Nem colhe afirmar, como afirmam, que se esse tal não se arrependeu, atual ou intencionalmente, em geral ou em especial, caiu em pecado mortal, porque a complacência no pecado venial o transforma em mortal. Pois, não é qualquer complacência no pecado venial que o transforma em mortal ─ aliás todo pecado venial seria mortal, porque em todos, como voluntários que são, pomos complacência; mas uma complacência tal que tem em vista o prazer, no qual consiste toda a perversidade humana, quando fruimos do que só deveríamos usar. E assim, a complacência constitutiva do pecado mortal é a atual, porque todo pecado mortal consiste num ato. Ora, pode acontecer que uma pessoa, depois de ter cometido um pecado venial, não pense mais nele, se deve ser perdoado ou não: mas pense, talvez, que um triângulo tem os três ângulos iguais a dois retos e nesse pensamento adormeça e morra.

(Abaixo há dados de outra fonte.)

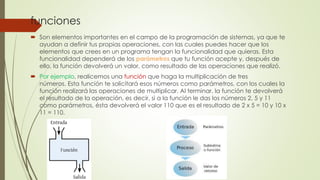 funciones
 Son elementos importantes en el campo de la programación de sistemas, ya que te
ayudan a definir tus propias operaciones, con las cuales puedes hacer que los
elementos que crees en un programa tengan la funcionalidad que quieras. Esta
funcionalidad dependerá de los parámetros que tu función acepte y, después de
ello, la función devolverá un valor, como resultado de las operaciones que realizó.
 Por ejemplo, realicemos una función que haga la multiplicación de tres
números. Esta función te solicitará esos números como parámetros, con los cuales la
función realizará las operaciones de multiplicar. Al terminar, la función te devolverá
el resultado de la operación, es decir, si a la función le das los números 2, 5 y 11
como parámetros, ésta devolverá el valor 110 que es el resultado de 2 x 5 = 10 y 10 x
11 = 110.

Por onde se vê que a referida opinião é de todo irracional.
Por isso, devemos pensar com outros, que a culpa venial, de quem morre em graça, é perdoada depois desta vida pelo fogo do purgatório; porque essa pena, de certo modo voluntária, por virtude da graça terá a força de expiar totalmente a culpa, que puder coexistir com a graça.
DONDE A RESPOSTA À PRIMEIRA OBJEÇÃO. ─ A Glosa se refere ao pecado mortal. ─ Ou podemos responder que, embora o pecado não seja apagado nesta vida, em si mesmo, sê-lo-á contudo no seu mérito, por ter o pecador merecido nesta vida que a pena do purgatório lhe seja meritória.
RESPOSTA À SEGUNDA. ─ O pecado venial procede da corrupção da concupiscência, que não existirá na alma separada padecente no purgatório; que portanto não poderá pecar venialmente. Mas a remissão da culpa venial resulta da vontade informada pela graça, e esta a terá a alma separada, no purgatório. Logo, não colhe o símil.
RESPOSTA À TERCEIRA. - Os pecados veniais não mudam o estado do homem, porque nem eliminam nem diminuem a caridade, pela qual se mede a bondade que a graça confere à alma. Por onde, perdoados ou sentidos os pecados veniais praticados, a alma permanece tal como era antes.
RESPOSTA À QUARTA. ─ Depois de esta vida não pode haver mérito em relação ao prêmio essencial. Mas o pode em relação a um prêmio acidental, enquanto o homem de certo modo ainda continua viandante. Por onde, no purgatório pode haver ato meritório quanto à remissão da culpa venial.
RESPOSTA À QUINTA. ─ Embora o pecado venial resulte da inclinação da concupiscência, contudo a culpa procede da intenção. Por isso, mesmo desaparecida a concupiscência, ainda pode subsistir a culpa.